BEGIN Information shown

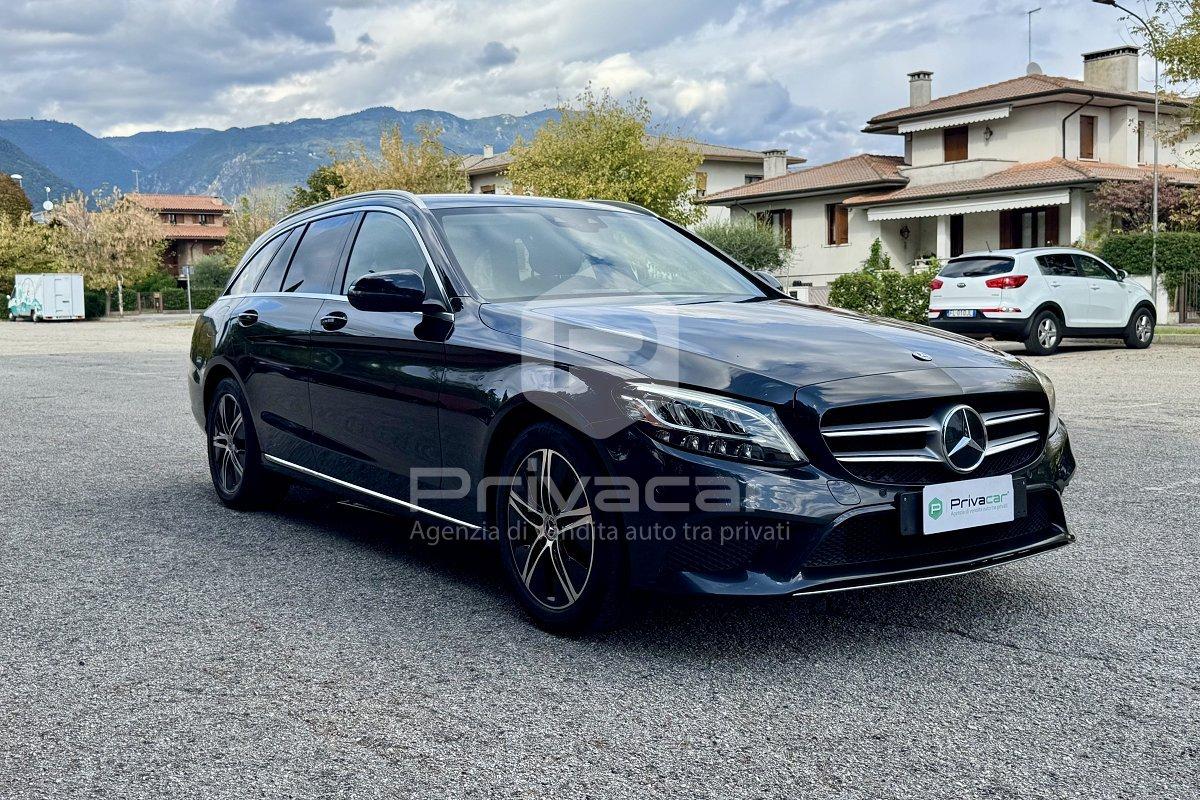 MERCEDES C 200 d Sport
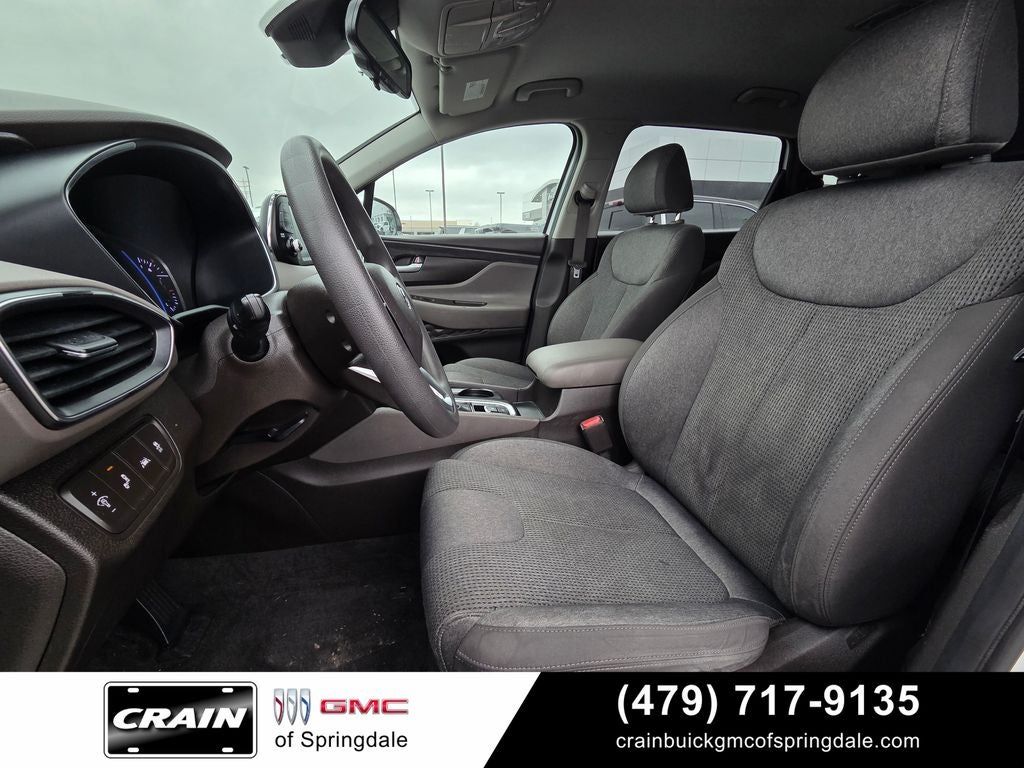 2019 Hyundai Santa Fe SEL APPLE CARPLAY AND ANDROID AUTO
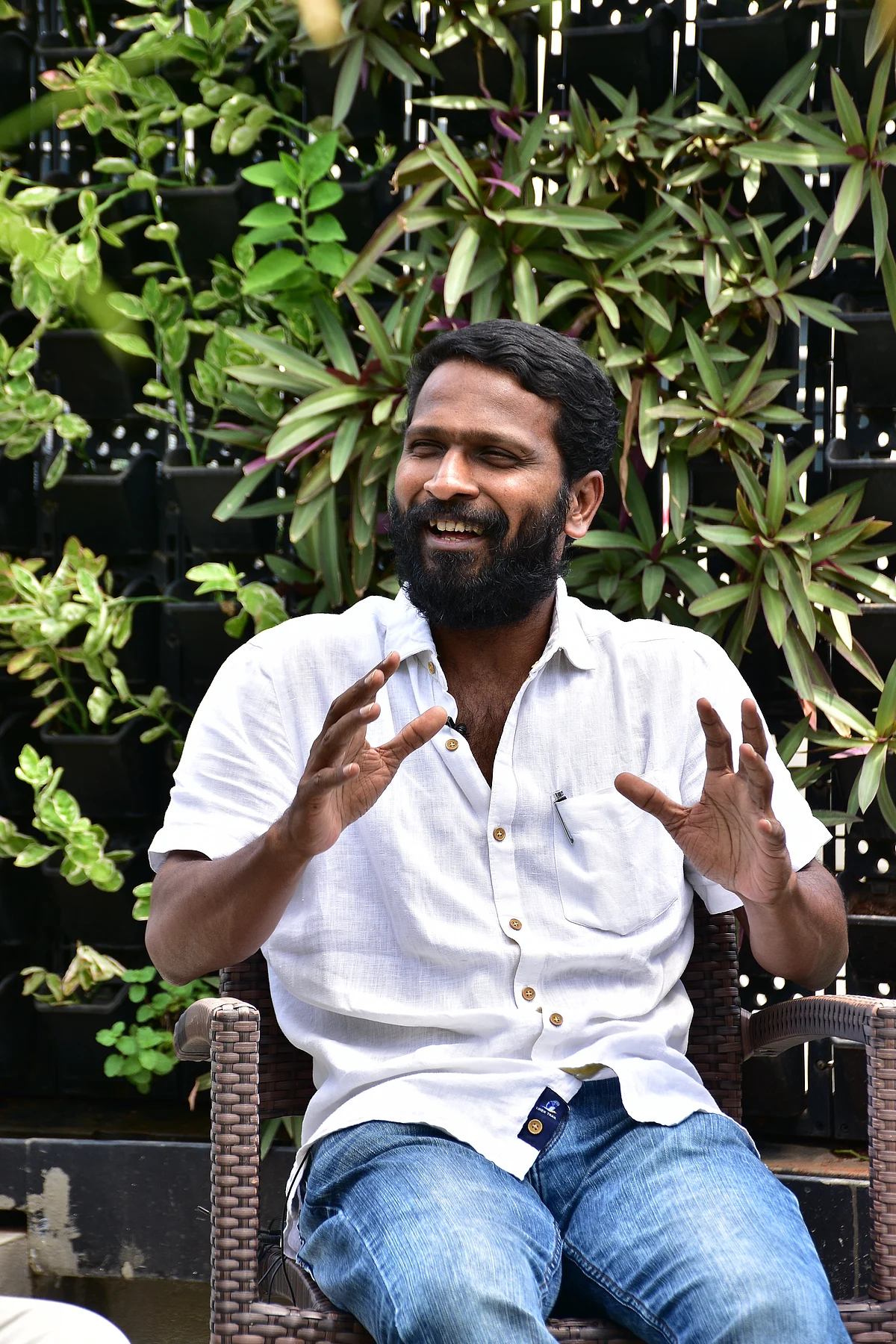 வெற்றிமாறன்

END Information shown

Pass over the images and copy the rest of the material above exactly.

 MERCEDES C 200 d Sport
 2019 Hyundai Santa Fe SEL APPLE CARPLAY AND ANDROID AUTO
 வெற்றிமாறன்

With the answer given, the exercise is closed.